◆ **DIRECTIONS**
Find the line containing "Show Me Your" in the entries below. Reproduce that line and each one after it to the end, exactly, with no other lines.

Stored dataset items
---*---
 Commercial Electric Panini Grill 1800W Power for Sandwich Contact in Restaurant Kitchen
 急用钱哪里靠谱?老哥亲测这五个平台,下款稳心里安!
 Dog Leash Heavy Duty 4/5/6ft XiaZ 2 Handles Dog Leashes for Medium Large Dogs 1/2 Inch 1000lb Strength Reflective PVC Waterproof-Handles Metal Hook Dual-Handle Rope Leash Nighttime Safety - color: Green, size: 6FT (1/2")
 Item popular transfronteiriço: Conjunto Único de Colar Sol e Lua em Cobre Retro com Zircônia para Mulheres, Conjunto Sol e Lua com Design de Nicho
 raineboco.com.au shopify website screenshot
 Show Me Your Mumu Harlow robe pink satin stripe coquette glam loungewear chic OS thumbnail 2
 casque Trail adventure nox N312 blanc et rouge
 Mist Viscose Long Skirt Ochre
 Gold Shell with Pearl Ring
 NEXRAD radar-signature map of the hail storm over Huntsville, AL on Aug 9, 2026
---*---
◆ **EXERCISE ANSWER**
 Show Me Your Mumu Harlow robe pink satin stripe coquette glam loungewear chic OS thumbnail 2
 casque Trail adventure nox N312 blanc et rouge
 Mist Viscose Long Skirt Ochre
 Gold Shell with Pearl Ring
 NEXRAD radar-signature map of the hail storm over Huntsville, AL on Aug 9, 2026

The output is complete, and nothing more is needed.